They were well into Maryland when Emma took charge of the music, switching off the jazz station Peter had found and popping in a CD instead. After listening to the same song four times in a row, Peter leaned forward and jabbed at the stop button.
“Hey,” Emma said, reaching to turn it back on.
“How can you listen to the same thing over and over again?”
She shrugged. “I’ll probably listen to it a thousand times in a row, then never play it again.”
He shook his head. “You’re nuts.”
“Nuts is a relative term in my family.”
Peter turned off the expressway, and the road quickly tapered off into a single lane, which wound through great swaths of farmland, the fields quartered off into neat slices of brown and green.
“Are we lost?” Emma asked, reaching for one of the many maps that wallpapered the back of the car. The dog was sitting squarely on top of the pile and looked greatly put out when forced to scoot over.
“We’re fine,” Peter said. “It’s just nice to get off the highway now and then.”
Emma frowned over the tangle of squiggles and lines on the map, trying to locate their whereabouts amid an alphabet soup of stars and dots and unfamiliar names. “How do you know where you’re going?”
“I just do,” Peter said, obviously pleased with himself as they left behind the billboards and gas stations for a series of small towns with white churches and general stores and vegetable stands.
“Okay then, Columbus,” Emma said, tossing the map behind her again.
“Columbus got lost, actually,” Peter said. “So not the best example.”
“And you think I’m nuts.”
“You are,” he told her. “But it’s not such a bad thing. Some of the most interesting people I know are a little bit nuts.”
“Like my family?”
Peter rubbed a hand over his jaw and gave a little laugh. “They’re not as strange as you think they are,” he said. “They’re interesting. There’s a difference.”
Emma shrugged. “Whatever.”
“Maybe you’re not looking hard enough,” he said. “Besides, have you ever thought maybe you’re just as interesting as they are?”
“I’m not,” she told him flatly.
“I don’t know,” Peter said. “I think maybe it’s too soon to tell.”
They stopped for lunch at a seafood stand with checkered tablecloths and menus shaped like giant lobster claws. They were far enough from the coast, but the air still smelled salty, and the other customers were all laughing over their lunches. Emma leaned forward with her elbows on the table and smiled.
“What?” Peter said, looking at her suspiciously. She didn’t blame him. Only this morning she’d been about ready to leave him in Gettysburg, but now the heat of the day had burned off and the dust had drifted away. In the past twenty-four hours the car had broken down and she’d somehow managed to pick up a stowaway dog and an unlikely partner in crime. But here they were, sitting in Maryland with the sun on their faces and the smell of seafood thick in the air; they’d made it this far, and suddenly that was all that seemed to matter.

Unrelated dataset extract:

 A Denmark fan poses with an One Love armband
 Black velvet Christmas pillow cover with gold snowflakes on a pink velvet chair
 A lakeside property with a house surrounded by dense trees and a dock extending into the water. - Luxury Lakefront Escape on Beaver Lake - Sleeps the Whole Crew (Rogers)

“Nothing,” Emma said, still grinning from behind her menu.
After they ordered, they watched the other customers cracking the tough shells of the lobsters and letting the juice run down their bare arms as they ate. Peter pulled a map from his back pocket and spread it out on the table between them, smoothing the creases along the wooden slats.
“So, I found a map of the town where Nate lives,” he said. “The one where you were born. And where I assume we’re headed.”
“Where?”
He looked up at her blankly. “In North Carolina.”
“No, I mean where’d you manage to find a map of it?”
“Oh,” he said. “In the trunk. Anyway, did you know there are three different cemeteries there?”
Emma shook her head.
“Do you know which one it is?”
She bit her lip, but said nothing. She simply hadn’t thought that far ahead yet.
“That’s okay, I’m sure Nate will know,” he said. Emma must have looked stricken at this—the thought of having to explain herself to her family—because Peter reached over and quickly spun the map so it was facing her. “Or you can just close your eyes and point, and we’ll go to whichever’s closest.”
She smiled at him gratefully, clapped a hand over her eyes, and jabbed a finger at the map. When she looked up again, Peter was marking the spot with a pen, humming over the grids in cheerful concentration.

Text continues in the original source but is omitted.